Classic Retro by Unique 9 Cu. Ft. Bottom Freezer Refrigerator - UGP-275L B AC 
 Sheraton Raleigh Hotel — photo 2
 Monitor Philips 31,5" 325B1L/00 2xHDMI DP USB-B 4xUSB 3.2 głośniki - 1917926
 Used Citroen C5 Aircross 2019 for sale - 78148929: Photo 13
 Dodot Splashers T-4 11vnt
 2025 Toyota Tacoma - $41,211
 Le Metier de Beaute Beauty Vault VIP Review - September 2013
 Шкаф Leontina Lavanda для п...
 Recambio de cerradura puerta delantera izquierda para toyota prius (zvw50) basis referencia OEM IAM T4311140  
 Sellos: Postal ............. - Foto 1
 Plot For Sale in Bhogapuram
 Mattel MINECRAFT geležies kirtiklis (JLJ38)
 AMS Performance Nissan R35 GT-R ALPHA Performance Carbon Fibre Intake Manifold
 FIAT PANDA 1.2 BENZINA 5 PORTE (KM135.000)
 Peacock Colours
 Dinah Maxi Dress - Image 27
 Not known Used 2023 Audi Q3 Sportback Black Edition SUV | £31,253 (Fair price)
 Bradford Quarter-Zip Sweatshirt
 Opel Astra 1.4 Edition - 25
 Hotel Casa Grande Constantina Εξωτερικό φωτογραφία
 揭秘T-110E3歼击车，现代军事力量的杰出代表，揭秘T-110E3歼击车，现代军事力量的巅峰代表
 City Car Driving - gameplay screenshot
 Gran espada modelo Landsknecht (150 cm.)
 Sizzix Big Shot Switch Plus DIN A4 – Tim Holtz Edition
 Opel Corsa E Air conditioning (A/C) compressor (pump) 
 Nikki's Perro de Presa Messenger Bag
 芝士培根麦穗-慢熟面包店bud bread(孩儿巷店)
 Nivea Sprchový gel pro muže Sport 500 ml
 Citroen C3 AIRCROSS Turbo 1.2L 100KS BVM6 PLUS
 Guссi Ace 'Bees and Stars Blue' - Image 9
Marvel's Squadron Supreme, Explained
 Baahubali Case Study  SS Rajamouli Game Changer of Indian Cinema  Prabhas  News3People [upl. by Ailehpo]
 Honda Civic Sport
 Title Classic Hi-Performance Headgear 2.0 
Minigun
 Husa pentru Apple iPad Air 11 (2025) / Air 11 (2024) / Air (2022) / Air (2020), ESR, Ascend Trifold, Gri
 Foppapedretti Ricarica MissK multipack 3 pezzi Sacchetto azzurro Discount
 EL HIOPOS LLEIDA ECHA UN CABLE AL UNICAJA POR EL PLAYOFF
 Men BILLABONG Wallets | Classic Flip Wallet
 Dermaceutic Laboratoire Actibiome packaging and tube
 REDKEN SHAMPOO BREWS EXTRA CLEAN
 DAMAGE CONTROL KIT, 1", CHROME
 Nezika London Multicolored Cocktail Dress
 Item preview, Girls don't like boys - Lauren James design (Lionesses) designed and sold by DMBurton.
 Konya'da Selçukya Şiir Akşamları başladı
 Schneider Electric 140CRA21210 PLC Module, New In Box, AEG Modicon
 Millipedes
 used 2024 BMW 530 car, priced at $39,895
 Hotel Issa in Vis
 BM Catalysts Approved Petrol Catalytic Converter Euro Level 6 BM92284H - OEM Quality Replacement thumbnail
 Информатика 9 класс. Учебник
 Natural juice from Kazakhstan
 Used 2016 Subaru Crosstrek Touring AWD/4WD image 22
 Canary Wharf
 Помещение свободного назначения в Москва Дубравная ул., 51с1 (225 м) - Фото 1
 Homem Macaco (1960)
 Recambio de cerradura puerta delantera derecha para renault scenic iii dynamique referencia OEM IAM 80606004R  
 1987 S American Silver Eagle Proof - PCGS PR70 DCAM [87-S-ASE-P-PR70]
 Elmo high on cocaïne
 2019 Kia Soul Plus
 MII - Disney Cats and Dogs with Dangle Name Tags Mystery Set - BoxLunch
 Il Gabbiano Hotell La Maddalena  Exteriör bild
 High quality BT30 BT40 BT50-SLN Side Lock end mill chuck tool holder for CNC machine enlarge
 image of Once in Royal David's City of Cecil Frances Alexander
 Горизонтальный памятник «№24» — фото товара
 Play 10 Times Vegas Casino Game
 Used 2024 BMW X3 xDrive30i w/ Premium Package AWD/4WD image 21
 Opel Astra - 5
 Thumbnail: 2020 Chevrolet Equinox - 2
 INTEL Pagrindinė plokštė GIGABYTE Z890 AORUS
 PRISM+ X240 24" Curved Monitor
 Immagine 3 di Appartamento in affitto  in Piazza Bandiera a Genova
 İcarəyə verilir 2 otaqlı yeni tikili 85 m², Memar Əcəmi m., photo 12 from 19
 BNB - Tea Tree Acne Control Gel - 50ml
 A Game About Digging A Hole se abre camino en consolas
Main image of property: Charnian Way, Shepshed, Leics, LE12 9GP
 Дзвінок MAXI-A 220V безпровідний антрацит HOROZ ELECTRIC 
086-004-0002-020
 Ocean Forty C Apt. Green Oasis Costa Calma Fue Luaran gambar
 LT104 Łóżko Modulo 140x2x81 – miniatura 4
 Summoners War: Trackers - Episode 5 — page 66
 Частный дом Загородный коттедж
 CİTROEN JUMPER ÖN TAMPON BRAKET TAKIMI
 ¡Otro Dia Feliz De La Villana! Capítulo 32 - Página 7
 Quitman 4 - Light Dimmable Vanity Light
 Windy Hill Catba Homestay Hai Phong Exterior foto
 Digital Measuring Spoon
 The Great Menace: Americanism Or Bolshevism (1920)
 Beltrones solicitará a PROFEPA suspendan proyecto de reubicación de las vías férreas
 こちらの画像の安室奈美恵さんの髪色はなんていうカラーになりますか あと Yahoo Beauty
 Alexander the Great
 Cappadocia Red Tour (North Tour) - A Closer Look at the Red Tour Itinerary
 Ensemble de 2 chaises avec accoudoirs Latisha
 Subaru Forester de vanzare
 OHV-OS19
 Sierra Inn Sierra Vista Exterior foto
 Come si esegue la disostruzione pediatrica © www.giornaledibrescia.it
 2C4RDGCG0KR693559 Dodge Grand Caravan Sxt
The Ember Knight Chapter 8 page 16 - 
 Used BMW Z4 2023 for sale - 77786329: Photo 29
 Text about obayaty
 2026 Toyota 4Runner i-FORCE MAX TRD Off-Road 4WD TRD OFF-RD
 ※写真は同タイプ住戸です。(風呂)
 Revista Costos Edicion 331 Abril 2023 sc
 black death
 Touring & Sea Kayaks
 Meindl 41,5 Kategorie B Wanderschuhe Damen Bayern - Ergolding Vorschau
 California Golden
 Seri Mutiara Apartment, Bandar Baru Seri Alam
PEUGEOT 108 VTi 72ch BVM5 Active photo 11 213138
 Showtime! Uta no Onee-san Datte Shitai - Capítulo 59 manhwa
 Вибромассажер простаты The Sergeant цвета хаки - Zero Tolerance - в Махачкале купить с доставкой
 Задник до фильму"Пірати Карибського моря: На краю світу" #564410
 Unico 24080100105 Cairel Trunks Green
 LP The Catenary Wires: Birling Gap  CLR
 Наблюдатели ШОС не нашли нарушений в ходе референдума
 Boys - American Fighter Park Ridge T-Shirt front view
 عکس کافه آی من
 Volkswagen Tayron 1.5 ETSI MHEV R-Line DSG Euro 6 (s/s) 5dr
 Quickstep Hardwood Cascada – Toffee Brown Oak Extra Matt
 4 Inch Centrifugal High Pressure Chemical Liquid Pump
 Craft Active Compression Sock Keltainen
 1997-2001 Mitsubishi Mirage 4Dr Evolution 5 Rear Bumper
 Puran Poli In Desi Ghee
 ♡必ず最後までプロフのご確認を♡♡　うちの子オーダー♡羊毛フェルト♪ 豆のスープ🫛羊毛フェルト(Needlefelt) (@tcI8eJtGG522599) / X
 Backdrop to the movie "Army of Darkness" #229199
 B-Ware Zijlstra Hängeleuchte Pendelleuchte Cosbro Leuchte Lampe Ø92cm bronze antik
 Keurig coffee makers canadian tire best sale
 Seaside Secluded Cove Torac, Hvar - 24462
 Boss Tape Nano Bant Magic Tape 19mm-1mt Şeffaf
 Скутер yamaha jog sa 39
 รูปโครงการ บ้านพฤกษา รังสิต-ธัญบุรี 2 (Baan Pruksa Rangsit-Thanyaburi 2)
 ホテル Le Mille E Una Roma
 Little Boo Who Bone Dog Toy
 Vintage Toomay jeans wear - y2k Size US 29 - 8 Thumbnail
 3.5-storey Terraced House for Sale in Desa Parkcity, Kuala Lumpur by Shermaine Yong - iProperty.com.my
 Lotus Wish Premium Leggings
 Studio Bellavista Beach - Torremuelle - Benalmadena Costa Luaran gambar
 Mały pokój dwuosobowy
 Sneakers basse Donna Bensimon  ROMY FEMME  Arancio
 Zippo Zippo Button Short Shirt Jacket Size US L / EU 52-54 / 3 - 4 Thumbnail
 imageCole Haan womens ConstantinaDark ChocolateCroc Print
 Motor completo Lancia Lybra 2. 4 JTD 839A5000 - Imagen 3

....

__YOUR ASSIGNMENT__
An exact copy of the lines above, from the one containing "Hotel Issa in Vis" through the one containing "Homem Macaco (1960)", is the whole of the answer.

__WRITTEN RESPONSE__
 Hotel Issa in Vis
 BM Catalysts Approved Petrol Catalytic Converter Euro Level 6 BM92284H - OEM Quality Replacement thumbnail
 Информатика 9 класс. Учебник
 Natural juice from Kazakhstan
 Used 2016 Subaru Crosstrek Touring AWD/4WD image 22
 Canary Wharf
 Помещение свободного назначения в Москва Дубравная ул., 51с1 (225 м) - Фото 1
 Homem Macaco (1960)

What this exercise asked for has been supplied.